**WHAT YOU SHOULD DO:**
Across the entries that follow, work out the number of lines containing the string "Park", and state it alone.

+-------+

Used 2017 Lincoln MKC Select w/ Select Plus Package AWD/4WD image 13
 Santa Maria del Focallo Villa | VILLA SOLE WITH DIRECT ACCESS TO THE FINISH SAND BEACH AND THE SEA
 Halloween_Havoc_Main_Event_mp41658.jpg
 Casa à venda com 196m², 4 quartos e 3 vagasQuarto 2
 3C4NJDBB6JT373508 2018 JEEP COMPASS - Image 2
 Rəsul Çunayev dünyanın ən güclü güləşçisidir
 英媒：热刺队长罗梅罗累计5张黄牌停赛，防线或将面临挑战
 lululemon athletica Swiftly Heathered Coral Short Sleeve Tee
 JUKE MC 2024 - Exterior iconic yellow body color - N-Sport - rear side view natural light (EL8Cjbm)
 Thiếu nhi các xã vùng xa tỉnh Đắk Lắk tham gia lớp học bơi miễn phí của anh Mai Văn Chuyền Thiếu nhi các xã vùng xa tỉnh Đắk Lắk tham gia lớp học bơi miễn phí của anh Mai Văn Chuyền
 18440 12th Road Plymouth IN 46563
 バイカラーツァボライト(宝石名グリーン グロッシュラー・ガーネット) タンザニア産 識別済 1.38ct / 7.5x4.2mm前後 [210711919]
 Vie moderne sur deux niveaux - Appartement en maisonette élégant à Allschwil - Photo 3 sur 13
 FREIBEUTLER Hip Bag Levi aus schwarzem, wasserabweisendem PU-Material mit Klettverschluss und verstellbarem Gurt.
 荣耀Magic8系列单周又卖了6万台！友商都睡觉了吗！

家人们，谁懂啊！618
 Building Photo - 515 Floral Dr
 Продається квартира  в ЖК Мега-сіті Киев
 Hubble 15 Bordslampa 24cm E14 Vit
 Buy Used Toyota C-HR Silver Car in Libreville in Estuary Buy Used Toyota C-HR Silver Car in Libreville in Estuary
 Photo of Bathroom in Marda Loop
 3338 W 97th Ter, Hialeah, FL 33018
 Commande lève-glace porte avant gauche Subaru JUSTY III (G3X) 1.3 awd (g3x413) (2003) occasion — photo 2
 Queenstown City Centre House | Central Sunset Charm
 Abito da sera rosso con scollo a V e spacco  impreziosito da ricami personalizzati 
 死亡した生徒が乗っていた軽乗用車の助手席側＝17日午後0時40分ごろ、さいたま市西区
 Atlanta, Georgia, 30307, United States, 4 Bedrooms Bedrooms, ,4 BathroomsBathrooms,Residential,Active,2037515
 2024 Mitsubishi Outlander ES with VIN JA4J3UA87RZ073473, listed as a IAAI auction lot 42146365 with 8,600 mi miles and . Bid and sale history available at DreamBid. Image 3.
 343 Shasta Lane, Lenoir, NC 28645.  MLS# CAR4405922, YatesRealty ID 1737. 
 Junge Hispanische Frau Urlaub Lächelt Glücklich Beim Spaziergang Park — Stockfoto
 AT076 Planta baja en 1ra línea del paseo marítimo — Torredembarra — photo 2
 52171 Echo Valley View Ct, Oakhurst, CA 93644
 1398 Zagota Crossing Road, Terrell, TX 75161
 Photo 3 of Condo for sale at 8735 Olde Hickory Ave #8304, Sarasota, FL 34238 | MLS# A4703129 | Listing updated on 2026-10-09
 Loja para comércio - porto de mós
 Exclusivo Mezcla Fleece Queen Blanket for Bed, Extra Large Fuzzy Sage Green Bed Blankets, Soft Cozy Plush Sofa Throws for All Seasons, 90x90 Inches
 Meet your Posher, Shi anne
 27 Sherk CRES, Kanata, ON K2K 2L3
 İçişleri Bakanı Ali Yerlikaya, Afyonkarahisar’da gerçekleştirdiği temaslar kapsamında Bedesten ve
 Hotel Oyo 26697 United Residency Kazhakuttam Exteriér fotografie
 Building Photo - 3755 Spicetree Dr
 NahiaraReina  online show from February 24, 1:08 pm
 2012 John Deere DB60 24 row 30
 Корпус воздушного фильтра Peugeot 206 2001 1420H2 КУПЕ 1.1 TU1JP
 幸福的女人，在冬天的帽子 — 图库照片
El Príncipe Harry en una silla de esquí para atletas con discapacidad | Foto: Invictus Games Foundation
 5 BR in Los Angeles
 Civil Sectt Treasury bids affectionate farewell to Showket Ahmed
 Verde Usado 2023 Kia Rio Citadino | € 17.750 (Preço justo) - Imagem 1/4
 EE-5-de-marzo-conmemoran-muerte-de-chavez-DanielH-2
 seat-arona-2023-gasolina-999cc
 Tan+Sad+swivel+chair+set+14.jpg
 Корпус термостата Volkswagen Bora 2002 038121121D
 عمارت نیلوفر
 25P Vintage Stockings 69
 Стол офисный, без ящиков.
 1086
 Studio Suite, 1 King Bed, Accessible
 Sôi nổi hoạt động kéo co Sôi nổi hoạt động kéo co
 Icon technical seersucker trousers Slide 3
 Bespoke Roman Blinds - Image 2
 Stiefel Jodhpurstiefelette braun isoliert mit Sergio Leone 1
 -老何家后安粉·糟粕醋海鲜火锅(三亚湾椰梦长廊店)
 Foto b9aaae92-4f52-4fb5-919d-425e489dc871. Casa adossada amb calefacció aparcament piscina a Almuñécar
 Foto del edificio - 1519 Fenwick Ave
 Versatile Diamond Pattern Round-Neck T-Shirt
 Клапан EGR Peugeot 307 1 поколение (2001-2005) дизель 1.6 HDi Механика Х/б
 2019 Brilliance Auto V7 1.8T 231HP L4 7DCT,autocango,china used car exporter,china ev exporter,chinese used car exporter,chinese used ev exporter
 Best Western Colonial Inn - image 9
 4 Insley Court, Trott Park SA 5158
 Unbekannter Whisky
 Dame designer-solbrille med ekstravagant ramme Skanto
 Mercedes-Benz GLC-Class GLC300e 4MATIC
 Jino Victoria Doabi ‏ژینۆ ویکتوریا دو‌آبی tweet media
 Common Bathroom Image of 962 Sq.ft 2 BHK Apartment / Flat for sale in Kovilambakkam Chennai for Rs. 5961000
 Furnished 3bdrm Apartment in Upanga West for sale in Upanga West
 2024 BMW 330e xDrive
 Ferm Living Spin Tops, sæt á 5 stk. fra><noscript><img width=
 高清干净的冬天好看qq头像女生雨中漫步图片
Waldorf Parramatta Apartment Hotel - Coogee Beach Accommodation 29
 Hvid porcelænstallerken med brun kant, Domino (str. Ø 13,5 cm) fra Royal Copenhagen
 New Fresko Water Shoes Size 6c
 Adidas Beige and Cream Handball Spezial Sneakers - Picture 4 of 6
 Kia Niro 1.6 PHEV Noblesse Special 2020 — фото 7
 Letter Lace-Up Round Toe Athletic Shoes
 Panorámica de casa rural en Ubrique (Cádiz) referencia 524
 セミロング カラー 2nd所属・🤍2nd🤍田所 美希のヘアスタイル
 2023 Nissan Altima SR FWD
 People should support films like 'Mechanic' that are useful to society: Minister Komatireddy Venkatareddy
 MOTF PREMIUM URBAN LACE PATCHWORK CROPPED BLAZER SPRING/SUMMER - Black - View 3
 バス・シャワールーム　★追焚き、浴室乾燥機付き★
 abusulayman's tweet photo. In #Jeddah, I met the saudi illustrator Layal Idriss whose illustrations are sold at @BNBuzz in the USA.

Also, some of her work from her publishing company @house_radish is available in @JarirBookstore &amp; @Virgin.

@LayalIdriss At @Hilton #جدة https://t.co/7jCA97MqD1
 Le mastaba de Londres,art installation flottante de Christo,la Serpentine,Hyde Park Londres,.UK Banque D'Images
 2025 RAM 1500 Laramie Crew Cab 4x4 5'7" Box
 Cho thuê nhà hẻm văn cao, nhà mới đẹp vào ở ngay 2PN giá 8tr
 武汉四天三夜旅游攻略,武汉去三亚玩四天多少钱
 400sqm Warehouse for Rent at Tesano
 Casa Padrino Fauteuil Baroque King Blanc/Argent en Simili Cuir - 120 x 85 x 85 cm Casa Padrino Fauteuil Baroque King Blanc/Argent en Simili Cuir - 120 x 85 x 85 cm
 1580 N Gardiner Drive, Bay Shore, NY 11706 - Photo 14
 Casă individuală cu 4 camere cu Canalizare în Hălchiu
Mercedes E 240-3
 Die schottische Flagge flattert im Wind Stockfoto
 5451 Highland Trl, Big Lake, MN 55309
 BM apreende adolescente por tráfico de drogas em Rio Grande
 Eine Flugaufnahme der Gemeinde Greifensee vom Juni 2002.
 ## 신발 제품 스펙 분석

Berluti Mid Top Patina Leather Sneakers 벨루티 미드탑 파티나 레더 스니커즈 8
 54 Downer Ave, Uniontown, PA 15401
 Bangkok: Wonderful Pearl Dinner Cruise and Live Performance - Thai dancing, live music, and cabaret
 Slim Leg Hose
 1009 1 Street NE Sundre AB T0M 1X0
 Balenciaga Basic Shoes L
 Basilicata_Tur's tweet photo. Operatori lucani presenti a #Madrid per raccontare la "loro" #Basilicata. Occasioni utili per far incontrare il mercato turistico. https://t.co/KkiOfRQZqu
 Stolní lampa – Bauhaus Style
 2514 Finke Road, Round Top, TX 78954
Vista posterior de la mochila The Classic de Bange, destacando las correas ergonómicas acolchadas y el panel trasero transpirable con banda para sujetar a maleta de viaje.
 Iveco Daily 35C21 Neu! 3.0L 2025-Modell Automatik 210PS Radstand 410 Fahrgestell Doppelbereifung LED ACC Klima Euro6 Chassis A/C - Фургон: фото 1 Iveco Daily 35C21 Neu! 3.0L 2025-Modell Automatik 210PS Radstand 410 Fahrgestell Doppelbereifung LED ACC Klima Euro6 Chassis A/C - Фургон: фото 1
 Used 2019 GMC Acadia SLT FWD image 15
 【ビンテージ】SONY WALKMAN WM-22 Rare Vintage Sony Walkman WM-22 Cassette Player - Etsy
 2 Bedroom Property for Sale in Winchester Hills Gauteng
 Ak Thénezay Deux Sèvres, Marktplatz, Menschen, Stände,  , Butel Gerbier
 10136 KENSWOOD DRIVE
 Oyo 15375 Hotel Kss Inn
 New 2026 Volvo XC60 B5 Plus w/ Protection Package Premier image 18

+-------+

**ANSWER SPACE:**
3